On Monday, April 30th President Donald Trump hosted Nigerian President Muhammadu Buhari at the White House. The event marks Trump’s first official visit from an African head of state. The official reason for the visit according to the White House communique was for both leaders to discuss promoting economic growth, fighting terrorism and building on Nigeria’s role as a democratic leader in the region.
Speculation regarding the Trump initiated face to face with Buhari centers on the potential threat of Boko Haram on Nigeria—the U.S.’s largest trading partner in sub-Saharan Africa. Despite Trump’s alleged reference to African nations as “s—hole countries”, US dependence on Nigerian oil has increased dramatically with imports jumping threefold in 2016 driven by uncertainties in Iran and Venezuela.
And today, Trump announced a $600 million deal with Nigeria over the sale of military aircraft, weapons, and intelligence training to support the fight against the Boko Haram. (Talk about having your cake and eating it too.)
As for Nigerian interest in the United States, Buhari needs help to address two huge social problems in Nigeria: the fact that 70% of Nigerians live in abject poverty, and that more than 50% of the country’s young people are jobless. To alleviate poverty and create jobs Nigeria needs to export more non-oil products to the US., particularly in sectors with strong demand in the U.S. like value added agricultural products, leather, food, spices, and beverages.
Today Buhari strongly referenced the African Growth and Opportunity Act (AGOA) as well the Trade and Investment Framework Agreement (TIFA) as the key to diversifying exports and strengthening their economy.
There are expectations that Trump might jettison the Act, or weaken some of its provisions that he deems inimical to his “America First” philosophy.
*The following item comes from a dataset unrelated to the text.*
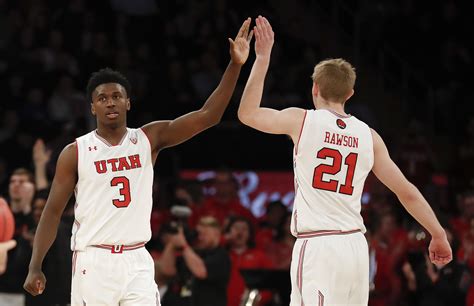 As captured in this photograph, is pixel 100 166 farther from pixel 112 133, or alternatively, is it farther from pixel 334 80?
pixel 334 80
Some speculate Buhari will lobby Trump for better access of Nigerian exporters to the US market through the African Growth and Opportunity Act (AGOA) enacted in 2000. The Nigerian president is arguably in a stronger position to negotiate the terms now that trade interest and commercial opportunities in sub-Saharan Africa are on the rise.
It appears both countries have strong political and economic interest in maintaining a close relationship for now.